И конечно, все было бы ужасно, если бы это тоже не имело в себе некоторого противоядия, заключающегося в том, чтобы ожидать от себя все время всего самого худшего и для себя тоже ожидать, по своим заслугам, всего самого худшего и понимать, что если этого не случается в каждый данный момент, а случается только иногда, да и то не самое худшее, то все это только милостью Божией, которая не дает всему произойти так, как мы этого заслуживаем. И вот в этом надо стараться пребывать.

Конечно, все равно отсюда неясно, как можно справиться с такими глубинными грехами, но грехи эти такого рода, что и нет никакого механизма, который можно было бы так просто объяснить, и который действовал бы против этих грехов. Не то, чтобы я его просто не знал, но и святые отцы тоже пишут, что здесь не может быть какого-то однозначного и простого предписания. Потому что по мере того, как все простые предписания святых отцов мы исполняем, у нас остаются только все более и более глубокие проблемы. Потому что, в принципе, наше нежелание быть с Богом, а желание подражать нашим прародителям в их грехопадении просто уходит вглубь, там окапывается, укрепляется и возводит перед собой все новые и новые эшелоны обороны. Поэтому борьба остается до конца. Но это не повод, чтобы не бороться, хотя противник настолько силен. И как раз вот сегодняшнее Евангелие и житие Марии Египетской показывают нам то и другое — что бороться, конечно, надо, и что христианская жизнь даже теоретически не может идти так, чтобы на каких-то этапах не требовалось борьбы. Борьба будет практически всегда, даже и тогда, когда святая Мария получила упокоение от внешних скорбей, то тогда, заметим, оно ей уже было не нужно, т.к. она уже привыкла с ними жить.

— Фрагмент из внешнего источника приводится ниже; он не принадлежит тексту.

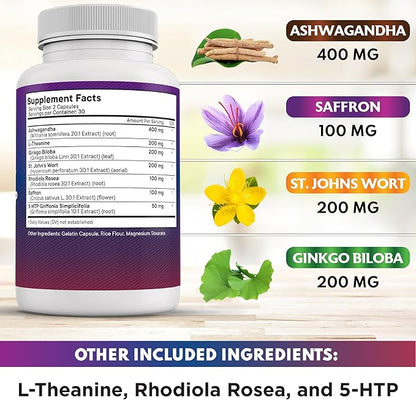 NEW AGE Saffron Supplements with Ashwagandha - Support with L-Theanine, Ginkgo Biloba, St. John's Wort, Rhodiola Rosea & 5-HTP - Saffron 180 Count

Так бывает и с нами — мы привыкаем к каким-то внешним скорбям, а потом уже получаем от них упокоение, когда уже могли бы жить с ними спокойно дальше. Потому что когда мы к ним адаптируемся, они уже теряют свой духовный смысл. Нам уже нужны какие-то другие скорби. А что касается внутренних скорбей, то даже если мы не испытываем каких-то внутренних проявлений своих страстей, каких-то прямых их нападений, то надо понимать — эта рабочая гипотеза должна быть у нас до конца жизни, и опять же, Мария Египетская показывает нам своим житием, что она именно так это понимала, — что, скорее всего, мы всегда остаемся способными на все. Как наркоман, даже если он многие годы не употребляет наркотики, должен считать себя наркоманом, которые просто временно бросил, но в любой момент может опять начать, а потому ему нужна осторожность по отношению к самому себе, и тогда повышаются шансы, что он не начнет опять употреблять наркотики, — так же и мы в отношении к нашим страстям будем считать себя такими наркоманами, и вот тогда мы сможем надеяться, что у нас есть шансы попасть в Царствие Небесное. Аминь.